I'd say this is a fairly important missed optimization.
Val Markovic at 2017-05-08 21:51:34
It seems that this optimization simply doesn't exist in LLVM today. The IR we generate seems conductive to such a transformation: we're loading and comparing i8s (though this is partly due to a workaround for an optimizer bug), the loads have range metadata (and it's preserved through the optimization pipeline), the
&Fooarguments have thedereferencable(4)attribute, etc.However, there's an issue with thi soptimization: the dword pointers would be (potentially) unaligned, which is fine and probably carries little or no performance penalty on x86, but is a big problem on other platforms. So if you want portable performance, you can't rely on this optimization, at least not without forcing alignment of 4 on the struct.

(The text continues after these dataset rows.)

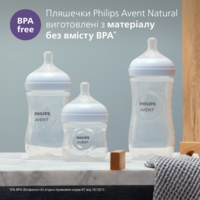  Пляшка для годування Philips Avent Natural Дракон 260 мл (SCF070/24) 
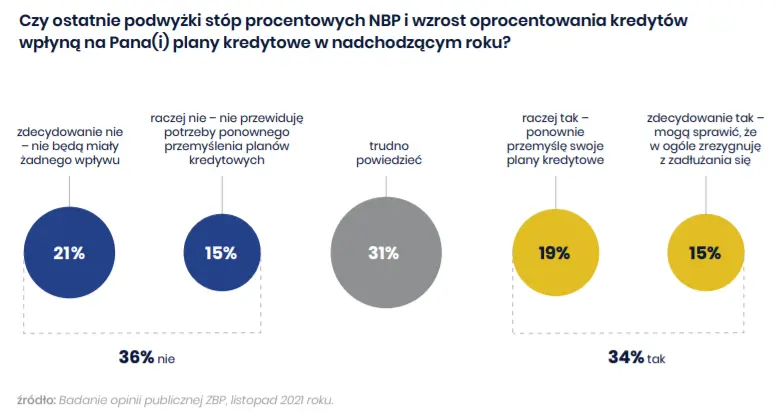Kredyty konsumpcyjne: na co Polacy najczęściej zaciągali kredyty? Raport ZBP - 4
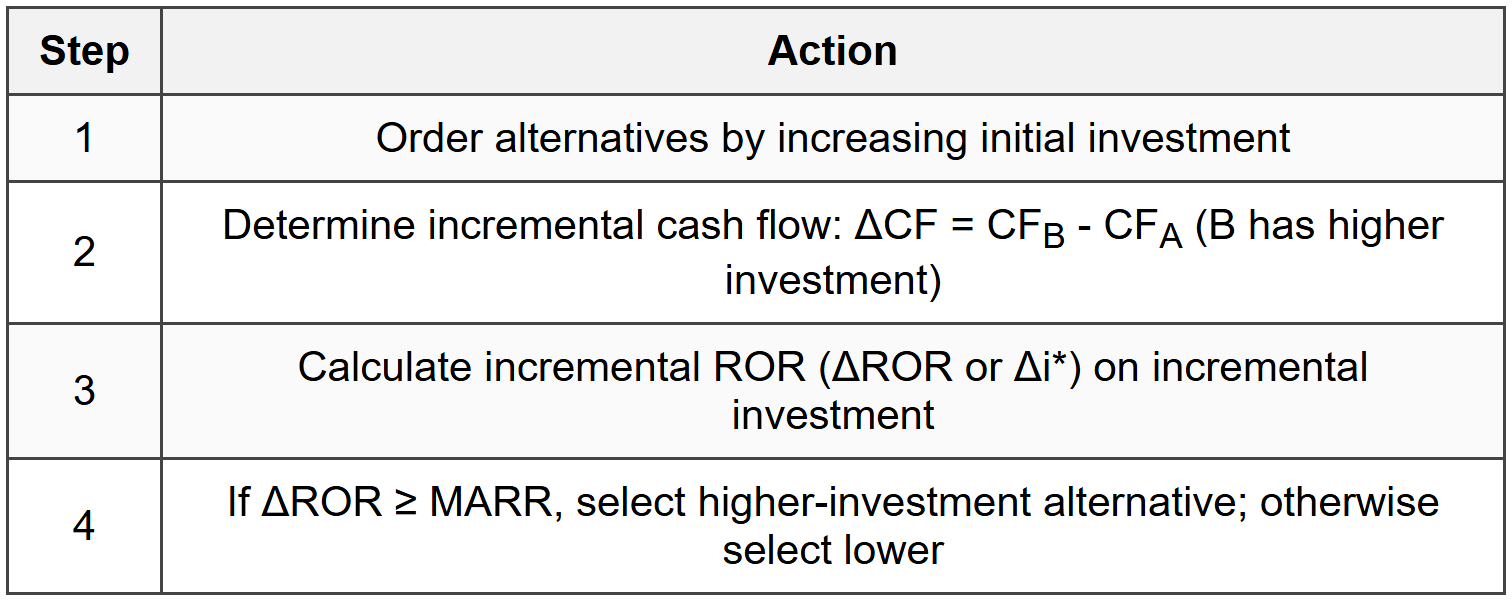 4.1 Two-Alternative Comparison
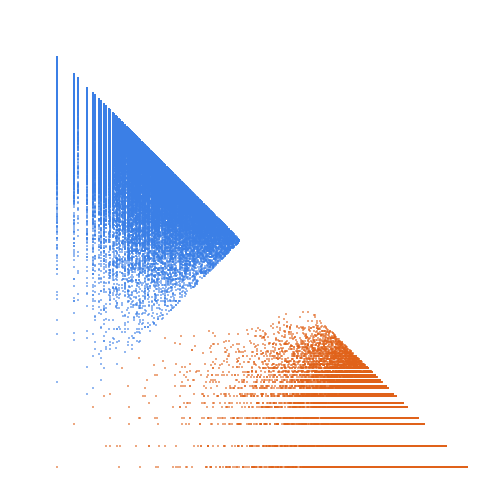 Weight–level plate of Numbers n such that 11*n^2 + 11*n + 3 is prime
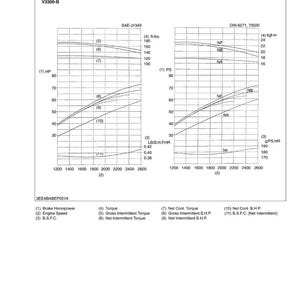 Puede incluir: Un diagrama t&eacute;cnico titulado "Curvas de rendimiento" para un motor V3300-B. El gr&aacute;fico muestra datos como la potencia de frenado, la velocidad del motor y el par, con mediciones en kgf-m y PS. El diagrama incluye m&uacute;ltiples curvas y etiquetas.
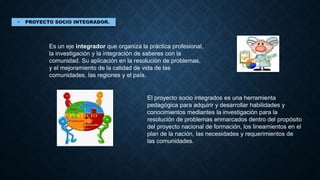 Es un eje integrador que organiza la práctica profesional,
la investigación y la integración de saberes con la
comunidad. Su aplicación en la resolución de problemas,
y el mejoramiento de la calidad de vida de las
comunidades, las regiones y el país.
El proyecto socio integrados es una herramienta
pedagógica para adquirir y desarrollar habilidades y
conocimientos mediantes la investigación para la
resolución de problemas enmarcados dentro del propósito
del proyecto nacional de formación, los lineamientos en el
plan de la nación, las necesidades y requerimientos de
las comunidades.
 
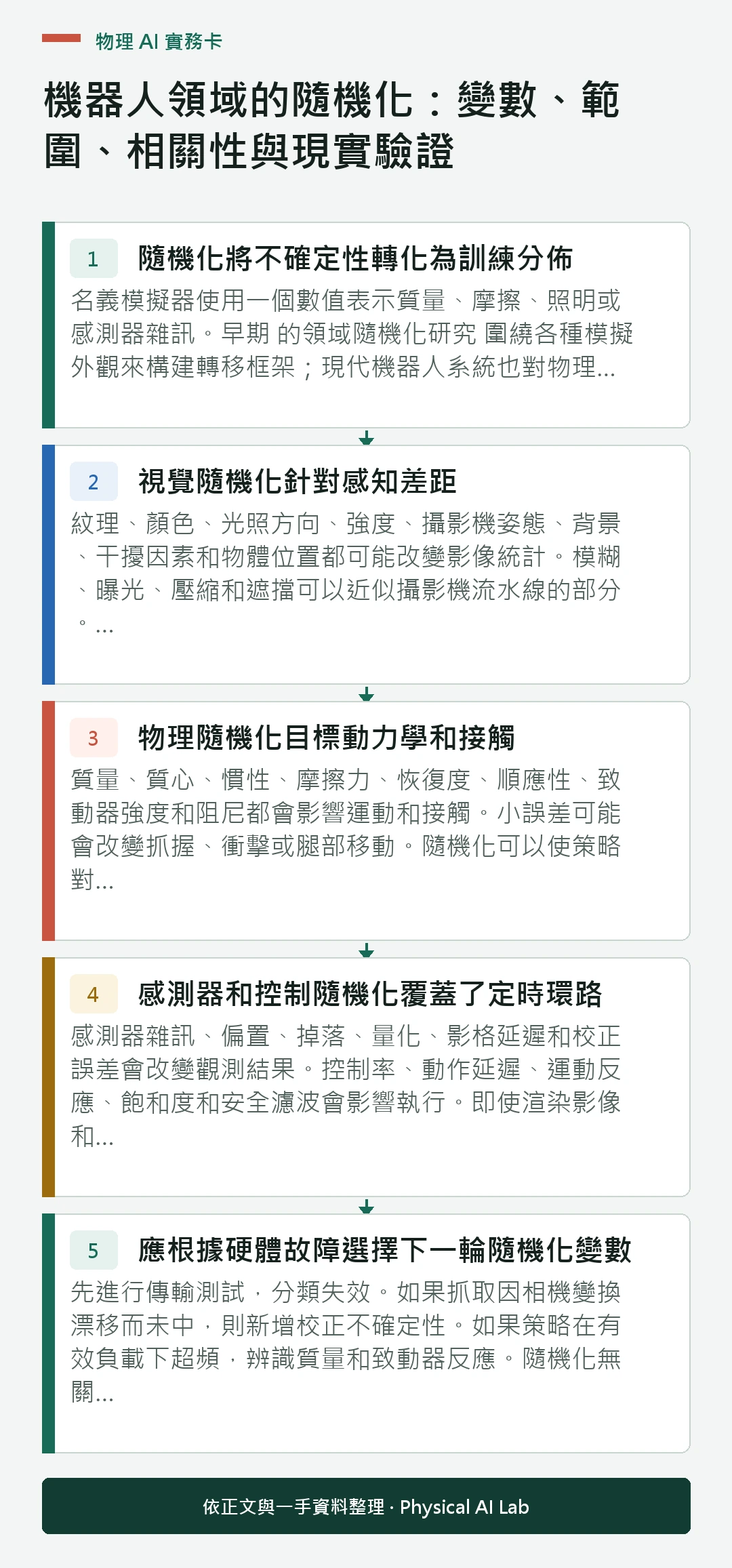以五個步驟整理機器人領域的隨機化：變數、範圍、相關性與現實驗證的判讀重點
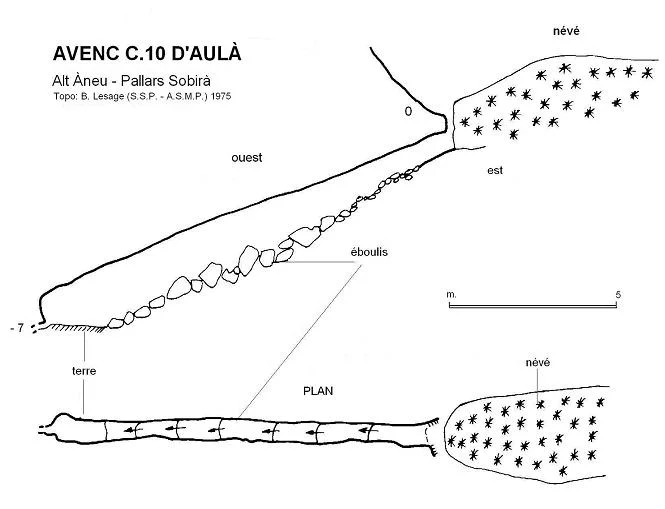 Topografía de AULÀ, AVENC C.10 D'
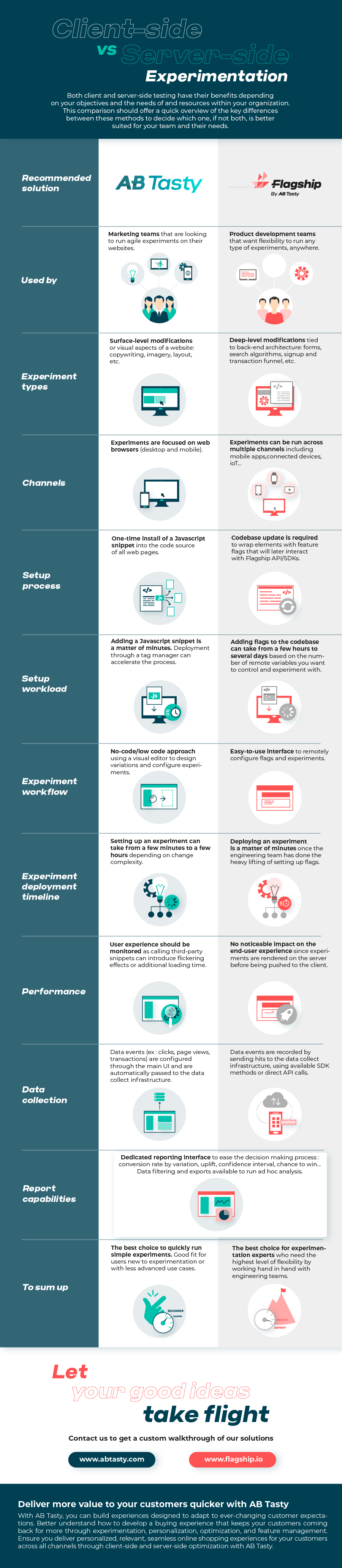 Client-Side vs. Server-Side Experiments [Infographic]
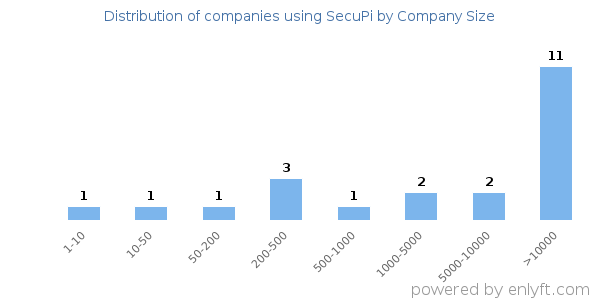 Companies using SecuPi, by size (number of employees)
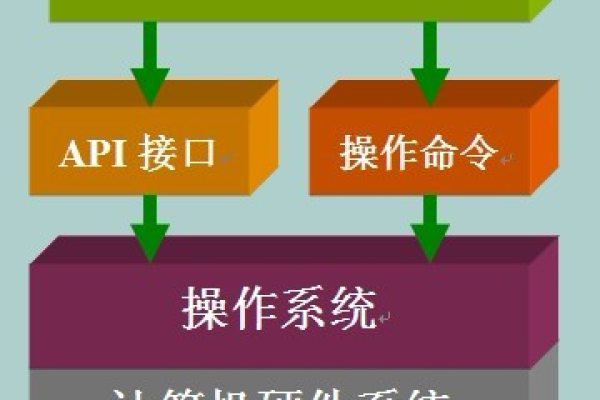 api支付接口程序_API接口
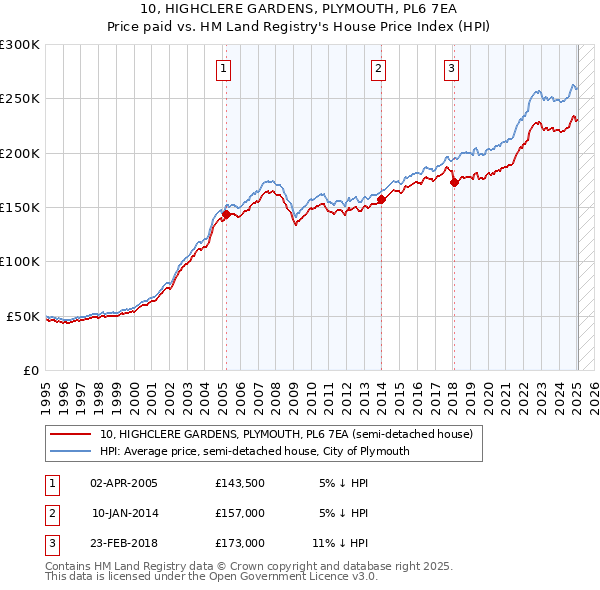 10, HIGHCLERE GARDENS, PLYMOUTH, PL6 7EA: Price paid vs HM Land Registry's House Price Index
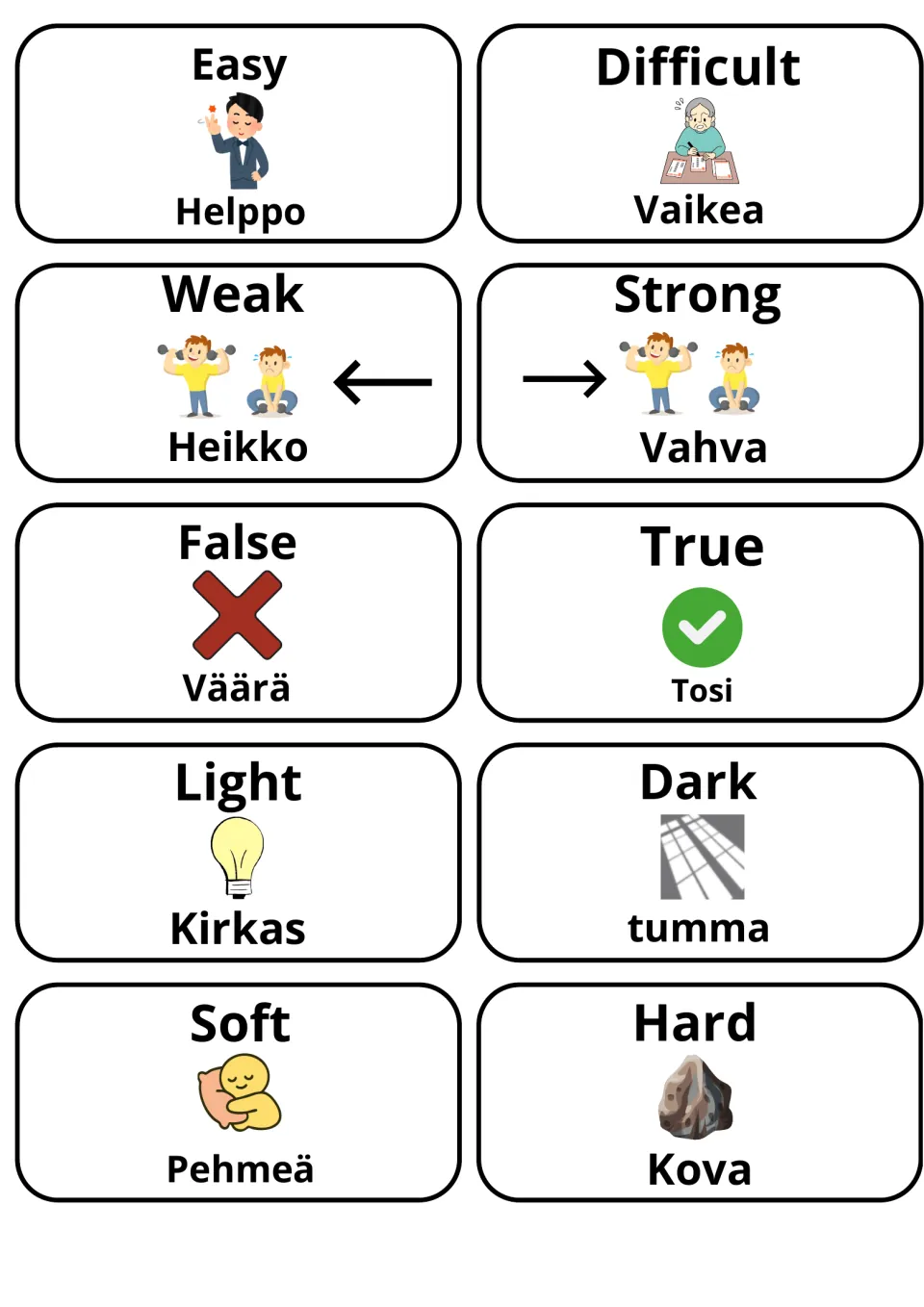 English-to-Finnish opposites: easy/helppo, difficult/vaikea, weak, strong, false, true, light, dark, soft, hard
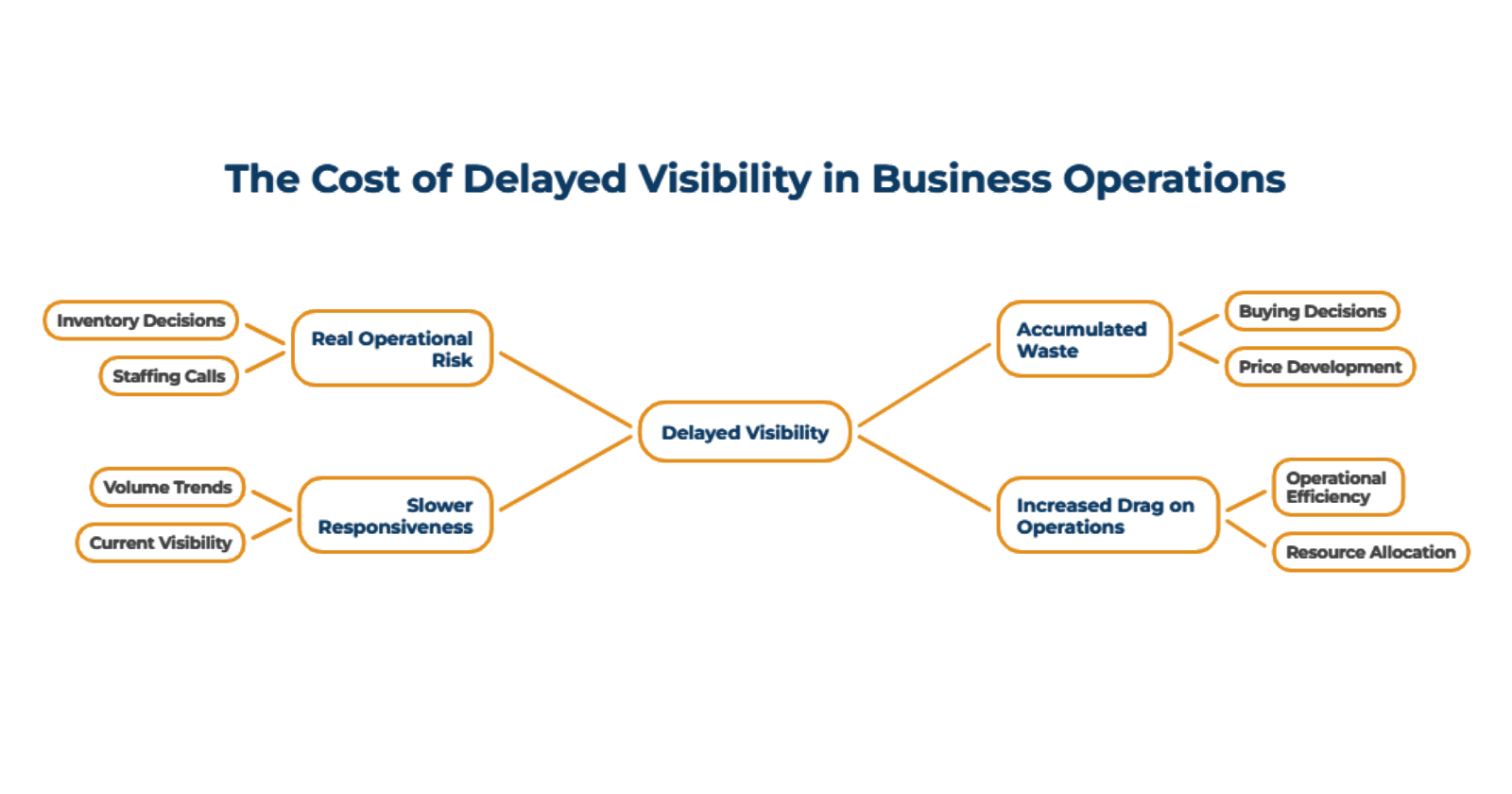 The_Cost_of_Delayed_Visibility_6fea86c880.png
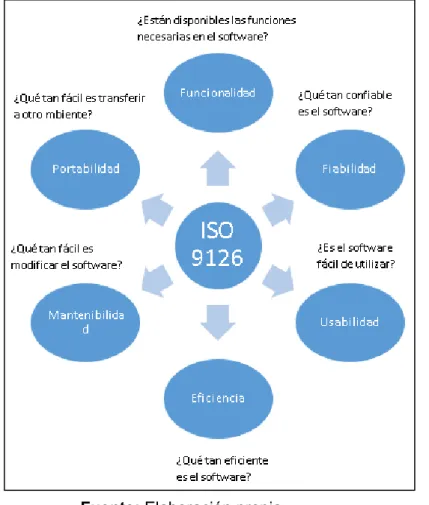 Figura N° 14. Características del ISO 9126 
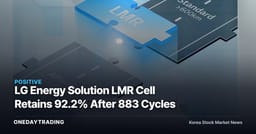 LG Energy Solution LMR Cell Retains 92.2% After 883 Cycles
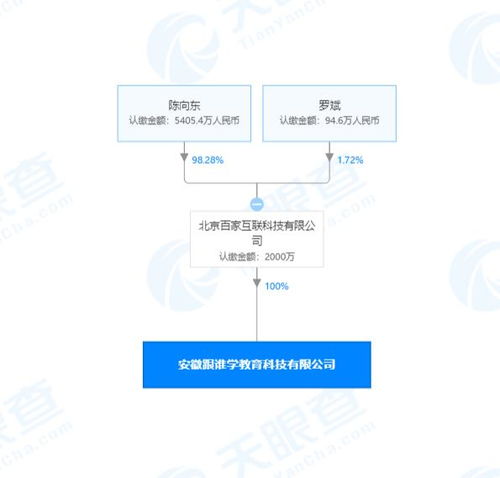 北京百家互聯(lián)再布新棋 斥資2000萬成立科技公司，聚焦計算機(jī)技術(shù)研發(fā)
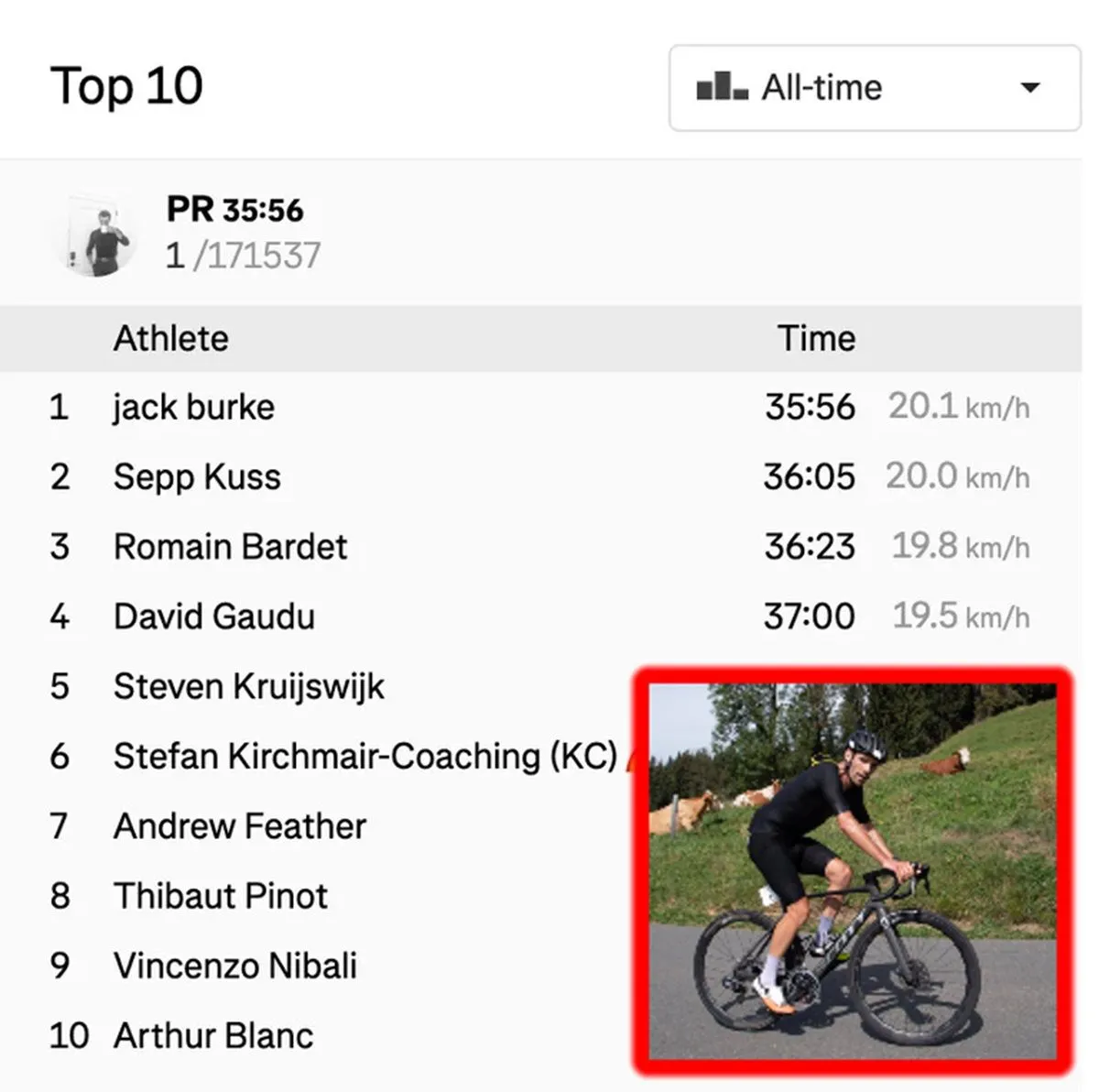 Depois do Mortirolo e do Stelvio... o Alpe d'Huez! O ciclista amador canadiano continua a caça ao KOM do Strava em busca de um contrato para o World Tour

This is probably also why LLVM doesn't do the optimization — its mid-level optimizers have only limited knowledge of how well unaligned loads and stores work, and so they're probably extremely averse to introducing them. From glancing over the source code, the "load combining" pass seems to bail out if the combined load would require alignment larger than the load that's being widened (in this case,
a.aandb.b).So one way we might be able to help LLVM with this is to emit larger alignments on memory operations when possible (e.g., align N on a load of the first field of an align(N) struct).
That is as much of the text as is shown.